Le Rose et le Vert
- Author: Stendhal (Henri Beyle)
- Original title: Le Rose et le Vert
- Language: French
- Genre: Novel
- Publication date: 1837
- Publication place: France
- Preceded by: Lucien Leuwen
- Followed by: The Charterhouse of Parma

= The Pink and the Green =

Unfinished novel by Stendhal

Le Rose et le Vert (French for The Pink and the Green) is an unfinished novel by Stendhal.
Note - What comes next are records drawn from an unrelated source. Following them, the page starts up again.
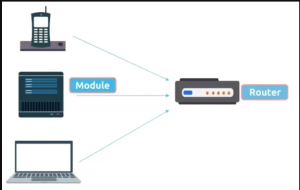 Bluetooth+Wi-Fi方案, 双模共存, STA/AP模式, 物联网连接, 智能家居, 工业物联网, 车载通信, Wi-Fi 6模块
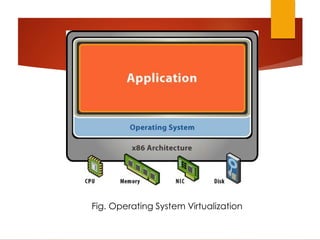 Virtualization | PPTX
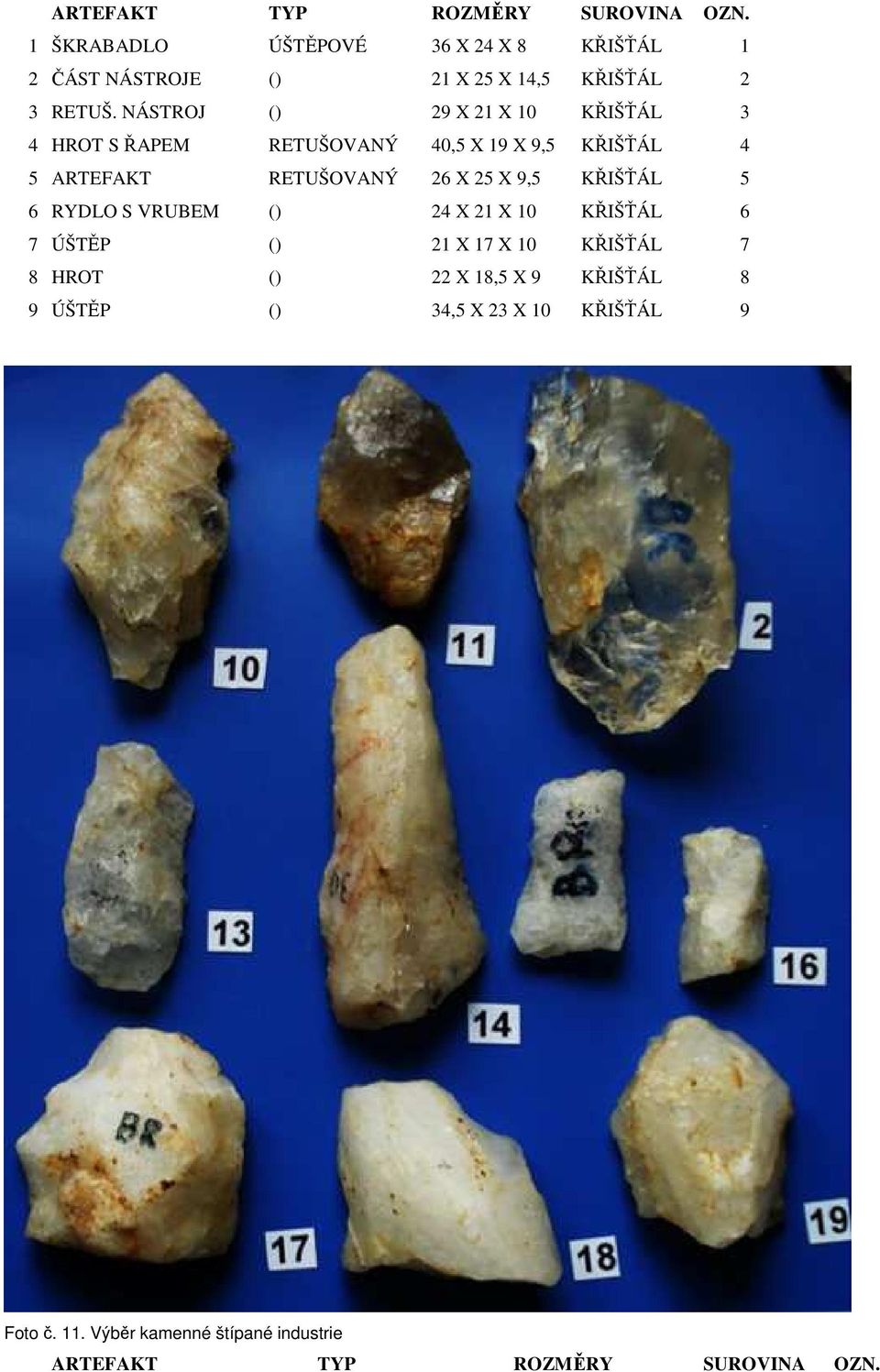 NÁSTROJ () 29 X 21 X 10 KŘIŠŤÁL 3 4 HROT S ŘAPEM RETUŠOVANÝ 40,5 X 19 X 9,5 KŘIŠŤÁL 4 5 ARTEFAKT RETUŠOVANÝ 26 X 25 X 9,5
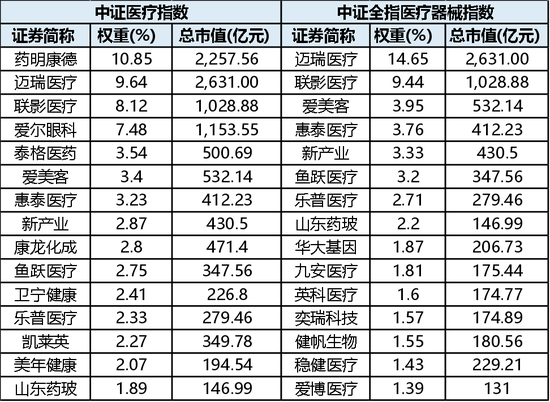 曙光初现，医疗器械板块会成为下一个创新药板块吗？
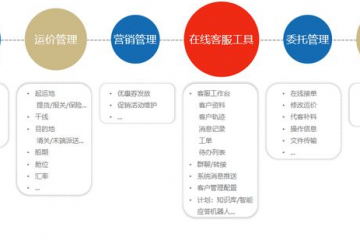 数智案例【14】运易通全链路智能化物流服务平台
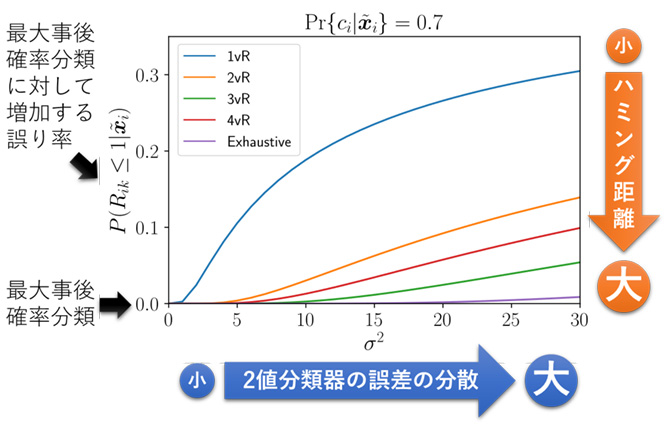 カテゴリ数が4つの場合の2値分類器の組み合わせ例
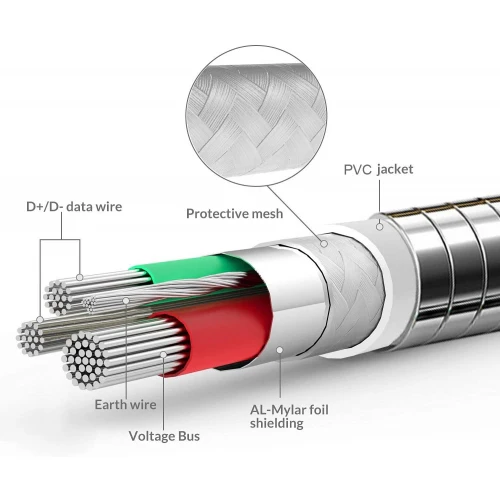 6ft Metal PD Cable Type-C to USB-C Fast Charger Cord Power Wire - Fonus - D55 - Image 3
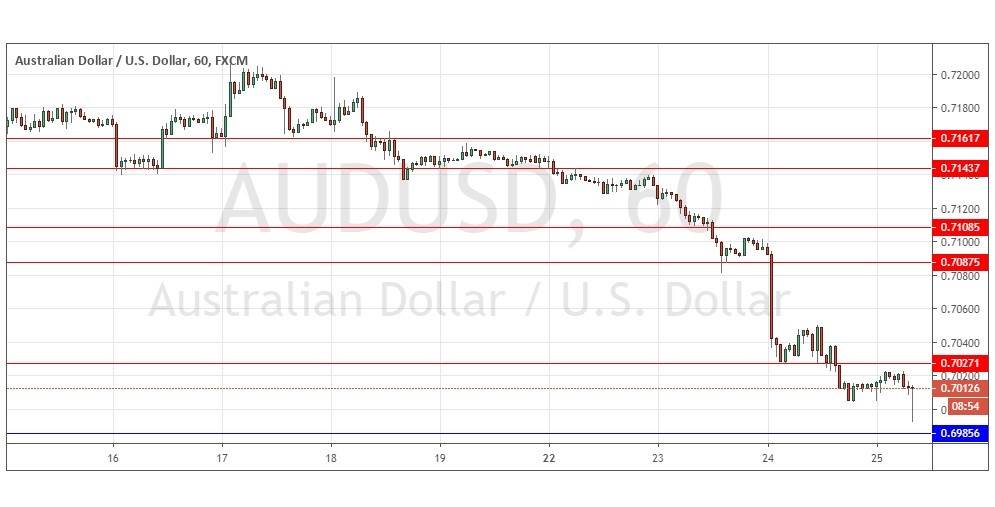 Gráfica AUD/USD Gráfica AUD/USD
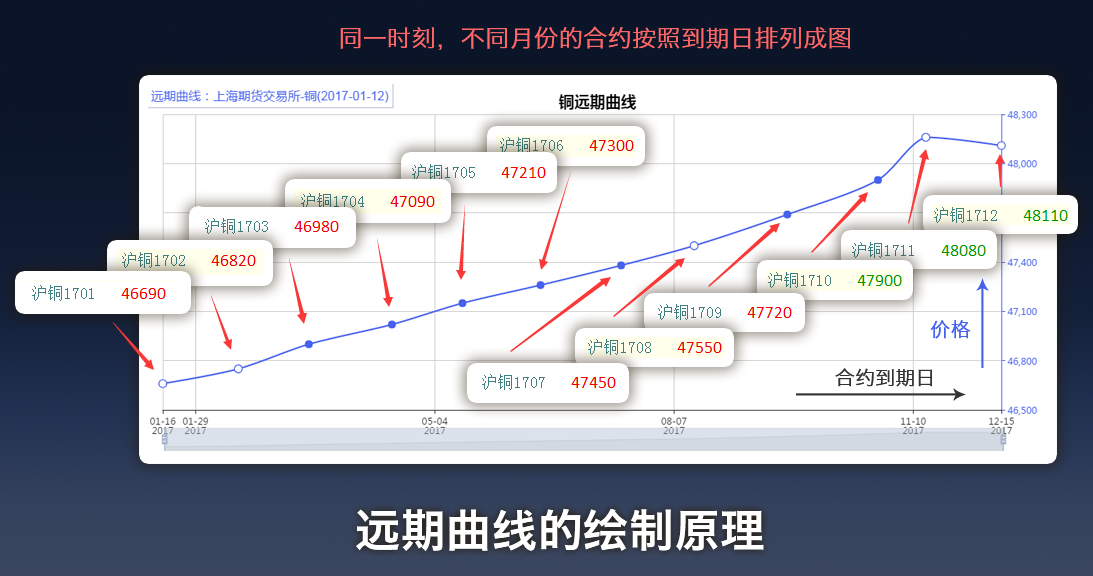 乘联分会:预计7月狭义乘用车零售约185万辆 新能源渗透率达54.6%
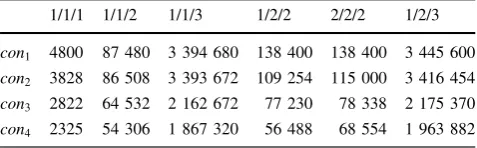 Table 1 Total coordination cost with different power coefﬁcient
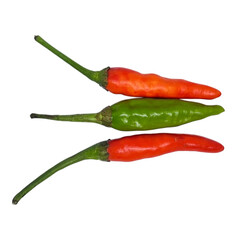 red hot chili pepper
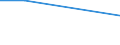 Wholesale trade, except of motor vehicles and motorcycles / Breakdown of turnover by product (according to Section G of the CPA) - million euro / Wholesale trade services on a fee or contract basis of timber and building materials / Denmark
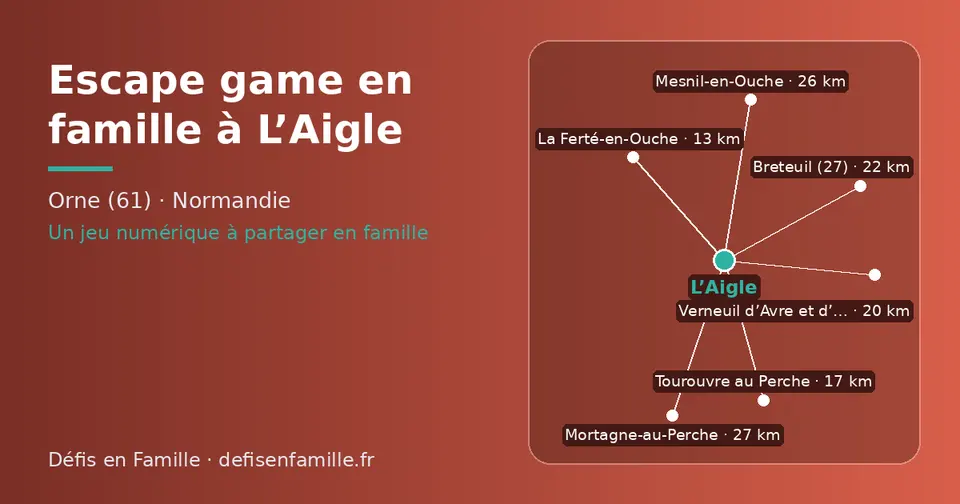 Carte schématique : L’Aigle et les communes voisines présentées sur ce site (La Ferté-en-Ouche, Tourouvre au Perche, Verneuil d’Avre et d’Iton, Breteuil (27), Mesnil-en-Ouche, Mortagne-au-Perche)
==Background and composition==
The Pink and the Green was written in 1837, after Stendhal had abandoned Lucien Leuwen in 1834 and before completing The Charterhouse of Parma the following year. The novel began as a reworking of a story entitled "Mina de Vanghel", which Stendhal had written immediately after The Red and the Black. Stendhal completed approximately one hundred pages and estimated that he had maybe 800 more before it would be finished. The meaning of the title is unclear. Stendhal also considered giving the novel the title The Rose of the North, which he called "a flat and pretentious title... which seemed fine to me yesterday".

==Plot==
The story concerns Mina Wanghen, an 18-year-old rich Prussian heiress in the 1830s with a romantic spirit and inclinations to radical political thought. She is disgusted by the love of money that she suspects motivates the many suitors who pursue her and her large dowry. When she relocates to Paris, Abbé Miossince, a worldly priest, becomes determined to convert her to Roman Catholicism and make a match between her and the Duke of Montenotte. The Duke, the son of a Napoleonic general, has a similar distaste for money, and when he hears about Mina from the Abbé, he goes off to his club and settles down with a map of Prussia. Not long afterward, the young couple meet at a ball. Stendhal did not develop the story further.